In 1951, Some Courageous Blacks Proved that Sometimes You Have to Be the Change You Want to See

In 1951, event, such as the Moton High School Strike in Virginia, a walkout organized by a 16-year-old giel named Barbara Rose Johns, challenged segregated and substandard education for Black children and became a stepping stone to the Brown v. Board of Education in Topeka, Kansas, in which the U. S. Supreme Court ruled separate and unequal as unconstitutional and led to desegregated schools in the United States.

Another event in 1951 was a petition titled “We Charge Genocide” from the Civil Rights Council (CRC) and presented to the United Nations, charging the United States with genocidal behavior based on the U.N. Genocide Convention, because of the ways that blacks were treated, particularly over 10,000 being killed and lynched for trying to register to vote or claim their rights as citizens.

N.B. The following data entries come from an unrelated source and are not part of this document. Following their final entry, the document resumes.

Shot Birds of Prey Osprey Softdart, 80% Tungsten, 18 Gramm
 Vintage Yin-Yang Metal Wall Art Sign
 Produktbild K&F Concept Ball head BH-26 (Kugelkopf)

I remember better the Civil Rights Movement of the 1960s, because I was old enough to understand the need for social change, and the new medium of television exhibited the violent backlash by White authorities against peaceful protesters. I remember the sit-ins by young college students from historically Black colleges and universities, and witnessing the hatred of White crowds against young blacks students integrating schools in Arkansas and universities in the South.

Today, with gerrymandering reducing the voting power of Blacks and anti-immigrant hate in this country, for the second time in my life, I am afraid of being a Black person in my own country. I fear saying the wrong thing on my blog and being arrested. I fear walking down the street, even at age 74, without my birth certificate and passport in America, not in some foreign country.

But I have 15 grandchildren and 13 great-grandchildren whose futures are at risk of not benefiting from the gains made by the sacrifices of Ms. Johns, the CRC, and the Civil Rights Movement. Sometimes you have to let go of your own comfort for the common good, even as you are shaking in your boots.